## Softmax Regression

It is the convention in programming that the first thing you do is print "Hello World".
So, like programming has Hello World, machine learning has MNIST.

### What is MNIST?
MNIST is a standard dataset used for computer vision. It consists of images of handwritten digits like the following:

![Figure 1. Sample images from MNIST dataset (from [TensorFlow](https://www.tensorflow.org/get_started/mnist/beginners).](figures/MNIST.png)
Along with the images are the labels for each of them, indicating which digit it is. For instance, the labels for the above images are 5, 0, 4, and 1.
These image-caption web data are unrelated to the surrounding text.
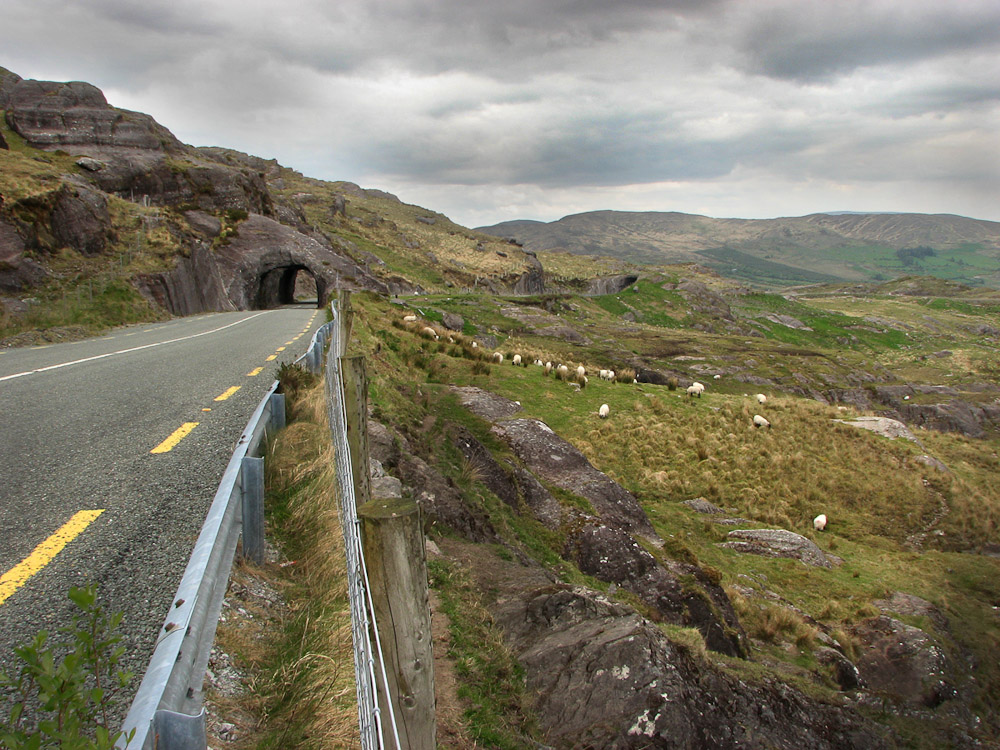 photo "The Pass" tags: landscape, nature, mountains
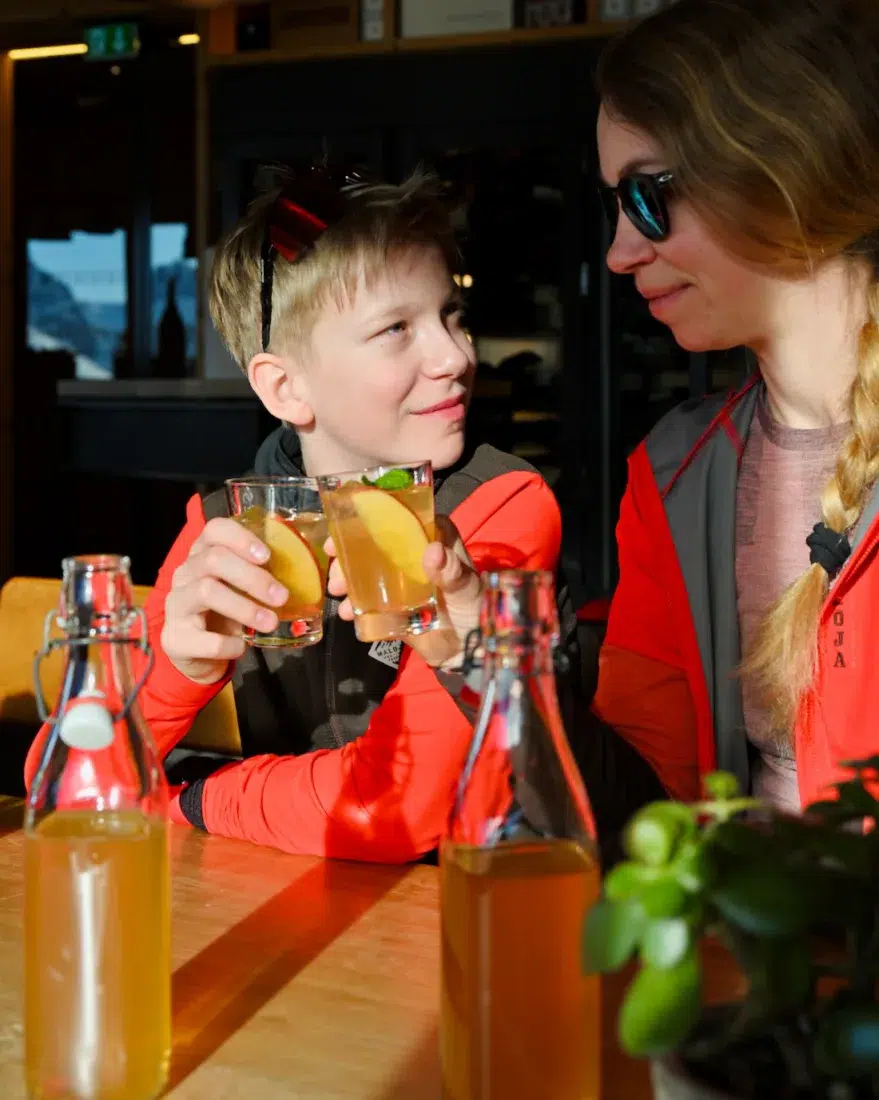 Ben und Melanie stoßen an im Frööd im Brandnertal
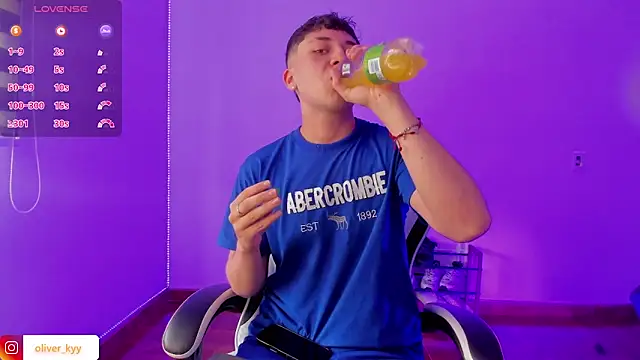 Snapshot of Casper___kyy chatting on 12/19/25, 06:15 Casper kyy online show from 12/19/25, 06:15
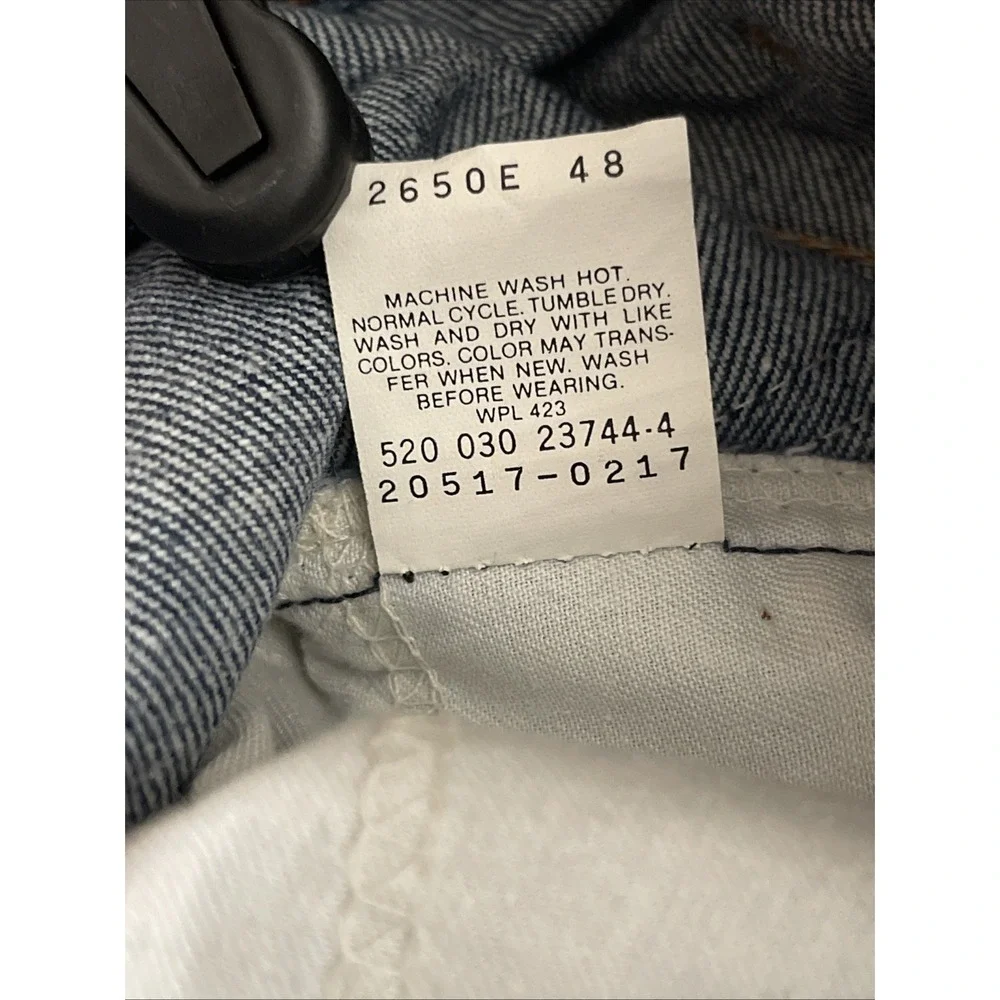 Levis these levi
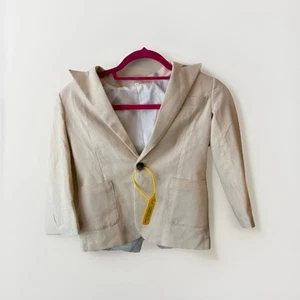 NWT Boys Size 8 Formal Beige Blazer With Shoulder Pads - Picture 1 of 7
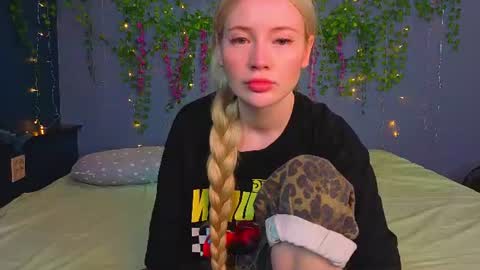 lillie_berry online show from July 2026 04:16:01 AM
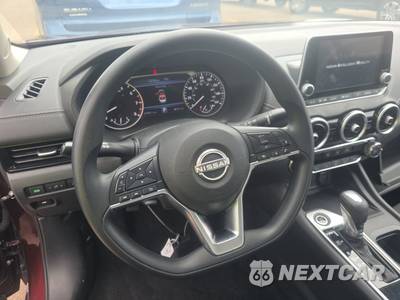 2025 Nissan Sentra SV - zdjęcie 10 z 22 - miniatura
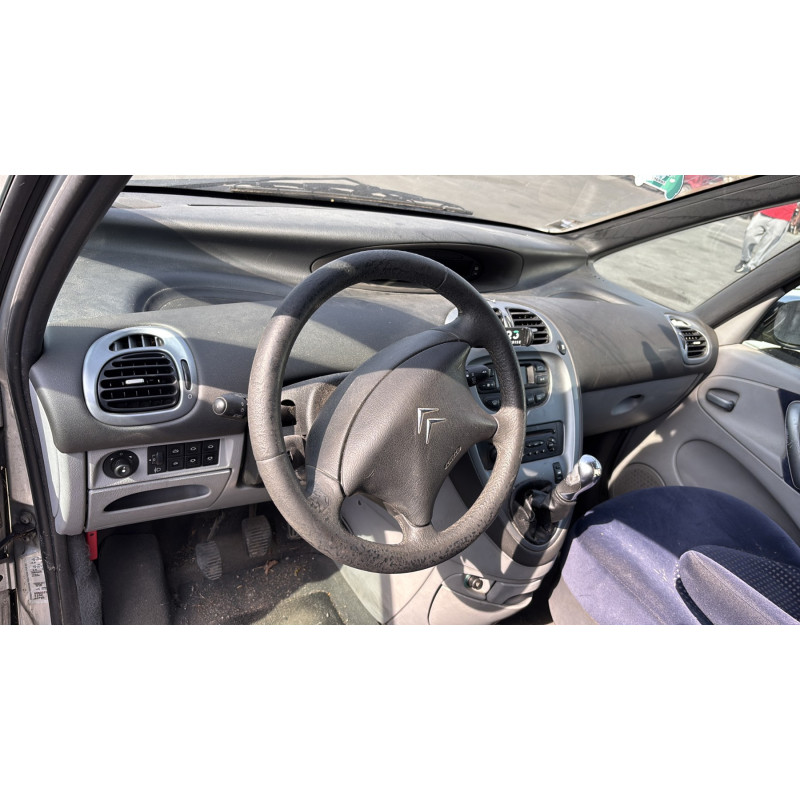 Porte avant droit CITROEN XSARA PICASSO Photo n°18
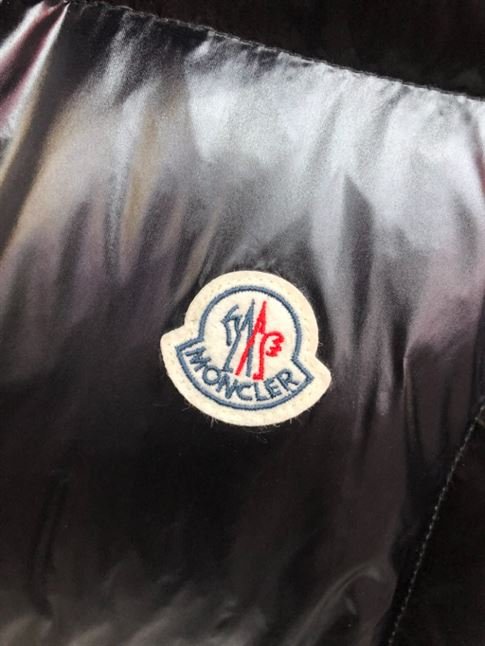 MONCLER LUZULE DOWN GILET - MC061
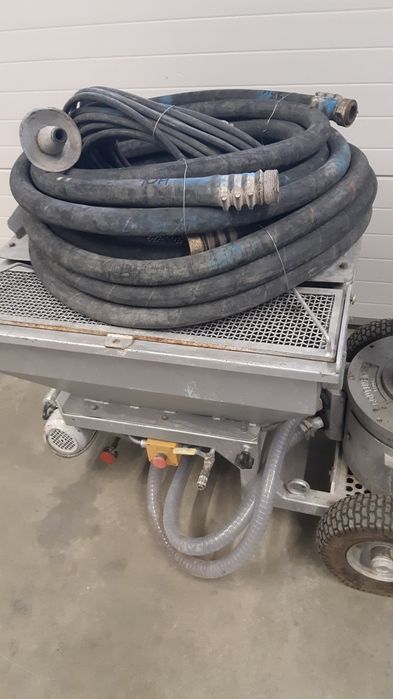 Continental pompa de tencuit/torcret/sapa la 220V completă de accesori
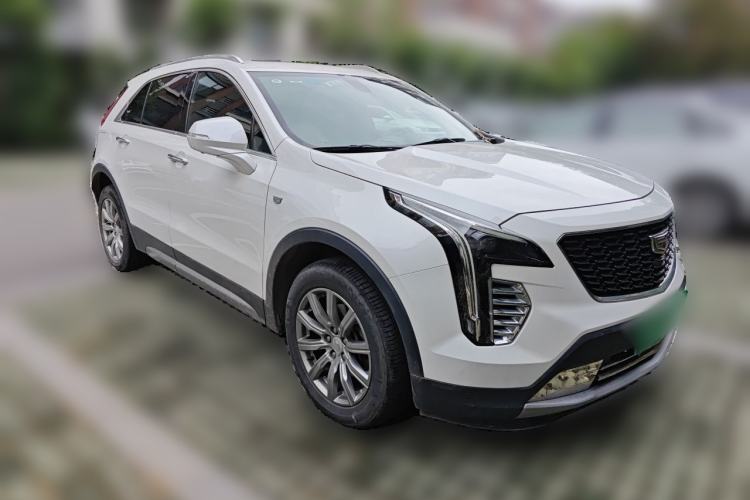 Used Cadillac XT4 2018 28T Two-Wheel-Drive Luxury Model Front Right 45 Deg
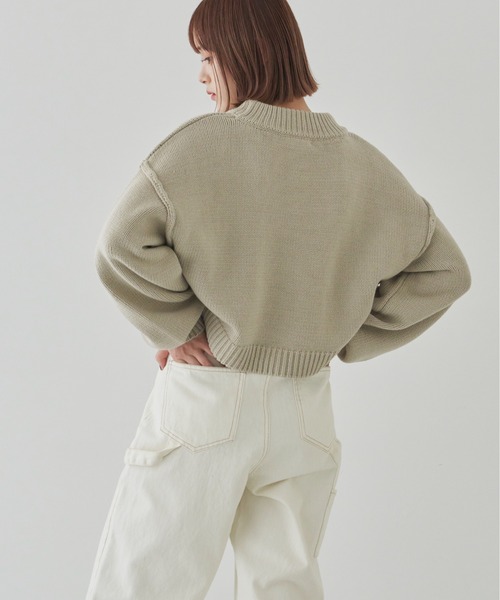 flaner（フラネ）の「ルーズスリーブショートニット（ニット/セーター・レディース・モカ/ナチュラル/グレイッシュベージュ・FREE）」の12枚目の写真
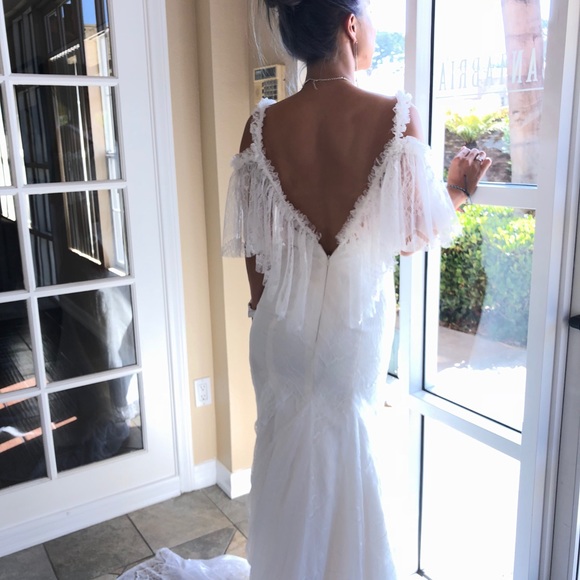 Old fashion laced low back prom dress - Picture 4 of 4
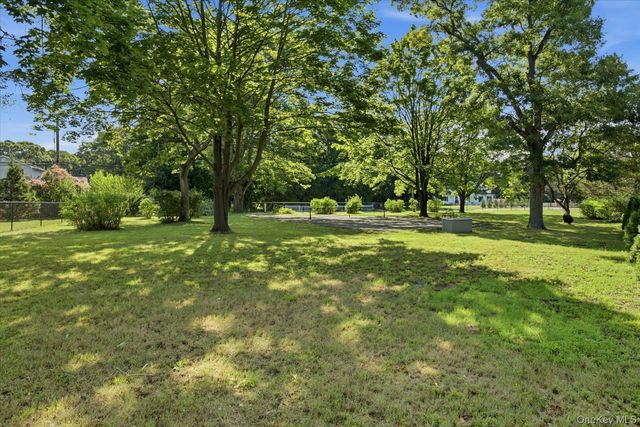 498 Miller Place Road, Miller Place, NY 11764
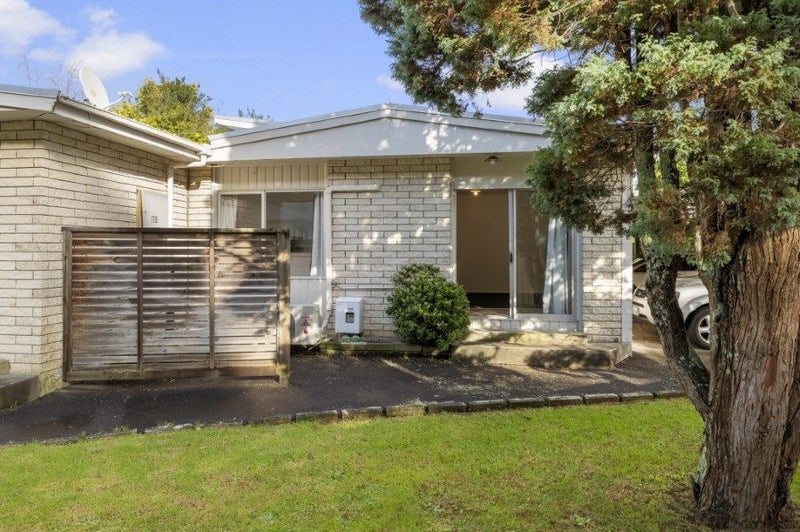 385E Devon Street West, Lynmouth, New Plymouth - Carousel 1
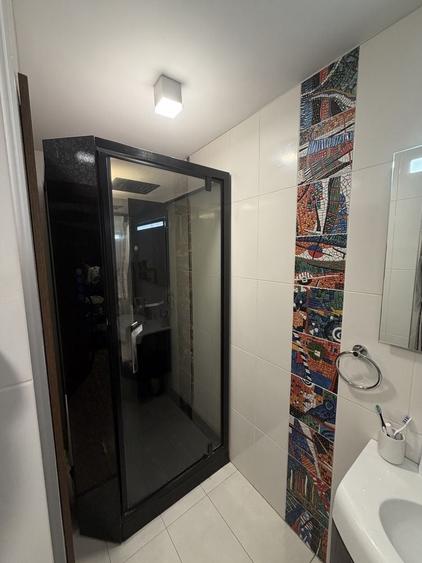 Apartament cu 3 camere decomandat în Uiești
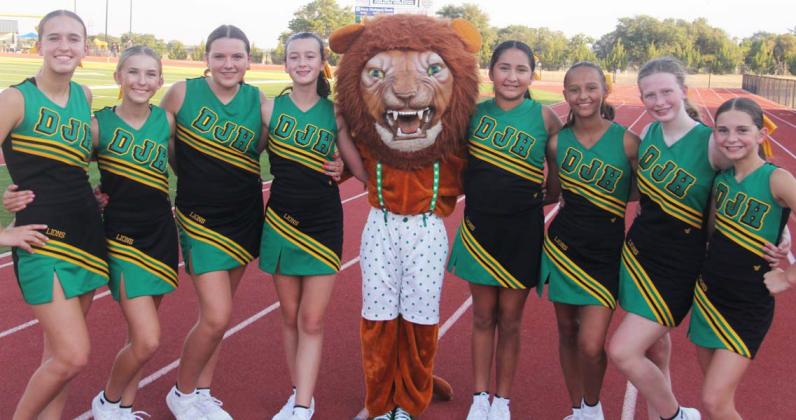 2024-25 Jr. High Cheerleaders are: Jessa Bamber, Cali Garrett, McKayla Hernandez, Ximena Lopez, Tylor Nail, Addison Pratt, Regan Vanbebber, Lexi Watson and mascot Remi Chapman. Paul Gaudette | Citizen staff photo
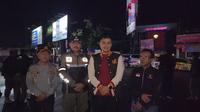 Ketua KPUD Garut, Dian Hasanudin, bersama Bawaslu, Satpol PP, dan Unsur TNI-Polri mengawal pembersihan seluruh APK Paslon Pilkada Garut, 2024, Sabtu (24/11/2024). (Liputan6.com/Jayadi Supriadin)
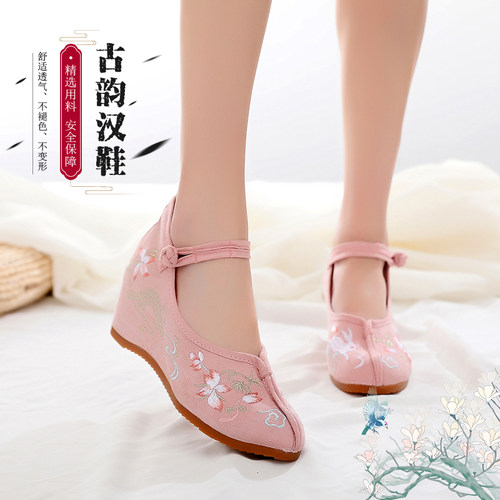 新款古风绣花鞋女7cm内增高跟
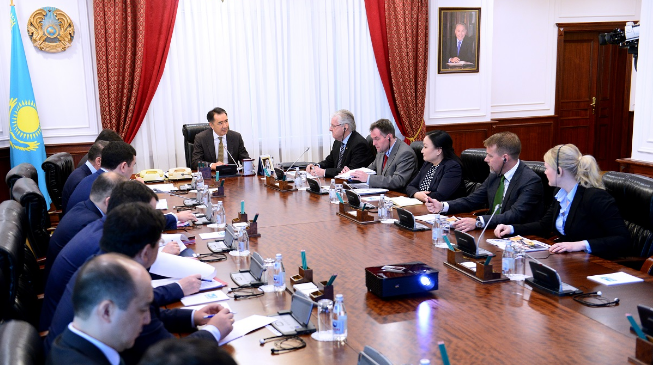 باقىتجان ساعىنتاەۆ شۆەتسيانىڭ ساۋدا جəنە ينۆەستيتسيالار جونىندەگى كەڭەسىنىڭ وكىلدەرىمەن كەزدەستى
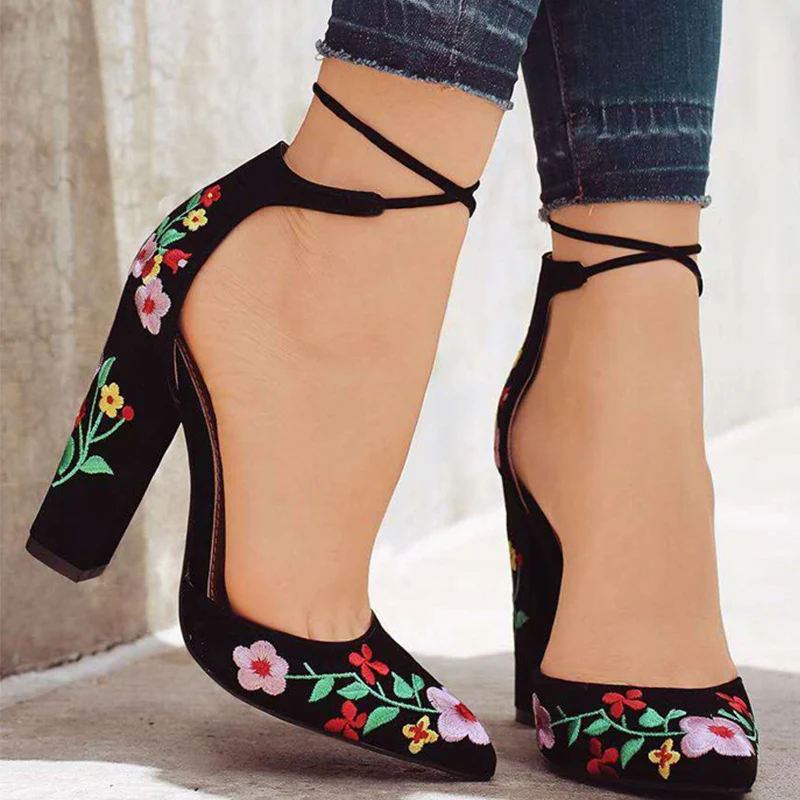Las mujeres del bordado bombas tacones flores Mujer tobillo Mujer dos piezas de encaje fiesta Zapatos elegantes señoras étnica señaló dedo del pie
For this tutorial, we are going to implement a simple model and train it to look at images, then predict what their labels are. However, take note that the model to be implemented here will not achieve state-of-the-art performance. We'll get to that later, at the next tutorial. For now, we shall be starting with a quite simple model called the ***Softmax Regression***.

We shall accomplish the following in this tutorial:
* Learn about the MNIST data and softmax regression
* Implement a model for recognizing MNIST digits, based on looking at every pixel of each image.
* Use TensorFlow to train the model to recognize the handwritten digits by having it "look" at thousands of examples
* Check the model's accuracy with the test data

### The MNIST Data
The MNIST data is hosted on [Yann LeCun's website](http://yann.lecun.com/exdb/mnist/). We shall be loading the dataset using the following two lines of code:

In [2]:
from tensorflow.examples.tutorials.mnist import input_data
mnist = input_data.read_data_sets('/home/darth/MNIST_data', one_hot=True)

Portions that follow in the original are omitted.